Please Mom, can we keep him!?! Kids will promise to do anything when trying to convince their parents to let them have a pet, but how much can kids really do? Realistically kids can help with feeding, watering, brushing, picking up pet toys, cleaning kennels, playing with and exercising the pet, cleaning the yard, training, and helping to walk the dog. There are also things they can’t do which parents must be willing to take on, such as, buying pet food, arranging vet appointments, administering meds, and caring for sick or injured pets.
Depending on your child’s age, and with adult supervision, caring for a pet can be one of the very best experiences of childhood. Before making the big decision, make sure you choose a pet that will “fit” your family. Delicate pets such as birds, lizards, and exotic insects, are not good choices for young children, as their care and handling are not something a young child can understand. On the other hand, a large dog or a very frisky cat may be more than you or your child can handle, and may even be frightening to the child. You may be able to “test run” a pet by “fostering” a dog or cat from a local agency dedicated to finding forever homes for pets. While the pet is temporarily in your care, parents and children will get a good idea of what it would be like to care for a pet 24/7. If your children tend to be lax in caring for the pet, it may be better to wait till they are older. If parents take over the pet duties the children promised to do, it only teaches children that if they shirk their responsibilities, Mom or Dad will do it for them. While this is often what happens, it sends the wrong message.

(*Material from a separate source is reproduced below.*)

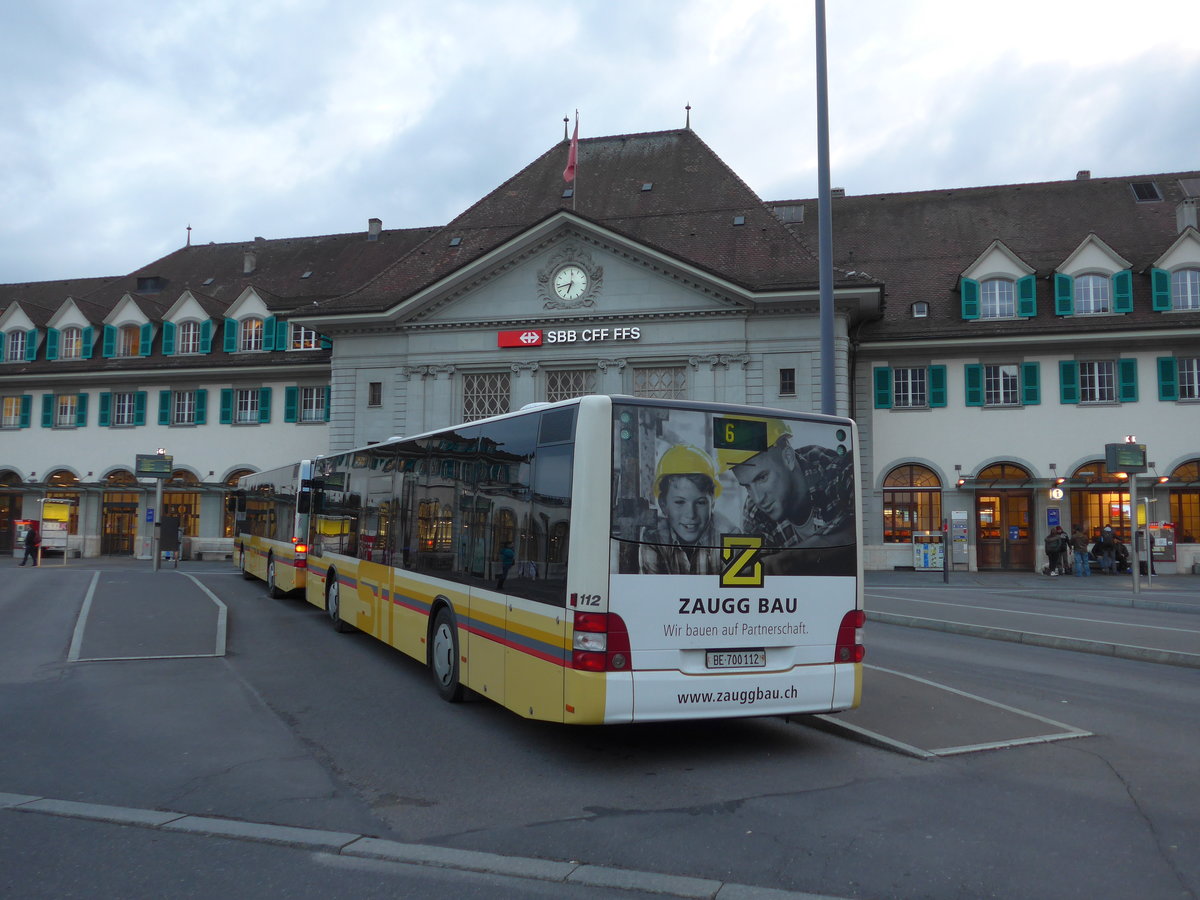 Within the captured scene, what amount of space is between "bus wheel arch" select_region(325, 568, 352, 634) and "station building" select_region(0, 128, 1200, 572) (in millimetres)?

Pets are a big responsibility, but pet ownership also has many advantages. Specifically they can teach children how to be responsible for someone else. They offer us companionship and unconditional love. They help us stay fit. Pets will listen to all a child’s secrets and never betray a confidence. They teach us compassion and how to care for others. They teach us how to put another’s needs before our own. Pets help build a child’s confidence by showing them how their daily care helps keep pets happy and healthy. Most kids are gentle and appropriate with animals; children who are overly rough or abusive with animals should be monitored closely. Children who torture or kill animals should be evaluated by a psychiatrist immediately.
Children who learn to treat pets with patience & kindness learn to treat people the same way. Studies have shown that children who care for pets shown improvements in social, verbal, and non-verbal communication skills. There is also a positive correlation in increased confidence, self-esteem, responsible behavior, connection to nature, and respect for all living things. Pets also help foster more physical activity in children as well as love, loyalty, and affection. Best of all, It’s wonderful when a pet shows true affection for a child, and what child doesn’t love to hug their pet !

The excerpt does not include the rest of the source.